Haitong International Securities Company Limited and Wing Lung Bank Limited are the joint bookrunners and joint lead managers for the issuance of the Bonds. The CNY100,000,000 bonds issued by the Company are bearing an interest rate of 9 per cent per annum and due 1 September 2013. The Bonds were paid for by the initial subscribers in either US Dollars or Chinese Yuan at the option of each subscriber, while all payments due under the Bonds are required to be settled in CNY only.
Mr Shi Zhijun, Chairman of Credit China, said, "The issuance of the Bonds marked a milestone of the Company. We are proud to issue offshore Yuan-denominated bonds as we are the first GEM listed company to issue CNY bonds. This exercise not only helps to further
strengthen our cash position, but also to avert a forex risk which may arise when financed RMB flows back into Mainland China.
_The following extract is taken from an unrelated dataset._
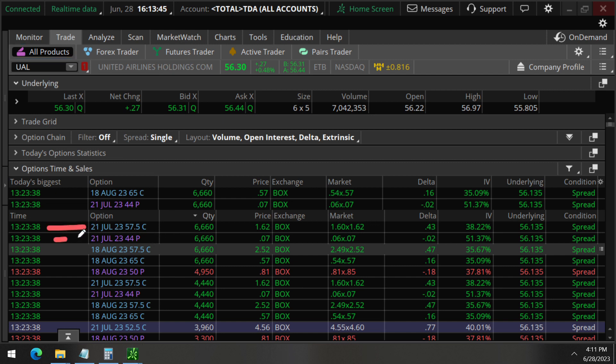This activity is all happening at 1:23 p.m. at the 38-second mark. There's lots of activity here going on. Instead of going through every single one, we'll go over generally what is going on. Let's take a look at the July 21s — focus on the July 21s here. This is the 57.5 strike calls, 44 strike puts. And there are also 52.5 strike calls here.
"Given the very difficult bond issuing market in the past 6 months, we are pleased to be able to complete this bond issue. As we are currently in a market with huge demand for short-term financing, by issuing our first bond, we have taken this as a very important step to explore into a new source of funding. We may issue another round of bond when timing is right. We are very confident in the prospects of our provision of short-term financing services in the PRC and believe the stronger financial position will enable us to capitalise on the booming market demand. The Company intends to continue diversification in business streams and services so as to maximise shareholder’s returns".